- Original language: English
- Written by: Lonne Elder III
- Characters: Ira Frederick Aldridge
- Genre: Monodrama
- Setting: 1800's; New York City; London, England; Europe

Premiere
- Date: April 1988
- Place: American Place Theatre, New York City
- Directed by: Woodie King Jr.

= Splendid Mummer =

Play written by Lonne Elder III

Splendid Mummer is a play by American playwright Lonne Elder III. It is a two act fictional monodrama based on the life of African American Shakespearean tragedian Ira Frederick Aldridge.

== Plot ==
The play explores the extraordinary life of Ira Frederick Aldridge (1807—1867), the first African American actor to achieve international success as a Shakespearean tragedian. The narrative spans from Aldridge's upbringing in New York City, the racial prejudice that prompted him to emigrate to England in 1824, and his ultimate rise to fame as he toured across Great Britain and continental Europe; earning critical acclaim and high honors for his powerful portrayals of Othello, Aaron the Moor, Macbeth, Shylock, and King Lear.

== Production history ==
Splendid Mummer was first performed in 1985 at a developmental workshop at the Southern Illinois University Edwardsville in St. Louis, Missouri. Brought to the campus by the Negro Ensemble Company's Fall tour, the one-night performance featured Robert Hooks as Aldridge and was directed by Adolph Caesar.

The play officially premiered Off Broadway April 24, 1988 at the American Place Theatre in New York City. It starred Charles S. Dutton and was directed by Woodie King Jr., designed as a limited-run that played a total of 17 performances (including previews). Mel Gussow reviewer for The New York Times wrote "Although Mr.
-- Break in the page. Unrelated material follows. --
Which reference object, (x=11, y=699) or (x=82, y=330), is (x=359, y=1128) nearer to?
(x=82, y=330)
Dutton is the only performer on stage [...] he populates the drama with his own commanding talent." After the initial run in New York, Dutton and the production moved to the Arena Stage in Washington, D.C., for another limited engagement.
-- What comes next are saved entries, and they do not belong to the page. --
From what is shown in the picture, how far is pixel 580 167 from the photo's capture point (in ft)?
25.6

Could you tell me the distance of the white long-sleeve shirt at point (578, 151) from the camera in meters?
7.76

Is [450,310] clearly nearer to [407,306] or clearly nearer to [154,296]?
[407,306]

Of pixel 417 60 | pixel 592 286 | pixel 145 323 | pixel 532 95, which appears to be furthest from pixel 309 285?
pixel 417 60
A production of the play, directed by Anton Phillips and starring Malcom Frederick, was revived at the Fusion Festival in Amsterdam in 1991, before traveling to the King's Head Theatre in London, thereafter followed by a broader tour of the UK.

In 2007, Splendid Mummer returned to London for a revival at the Old Vic Theatre during the Edinburgh International Festival.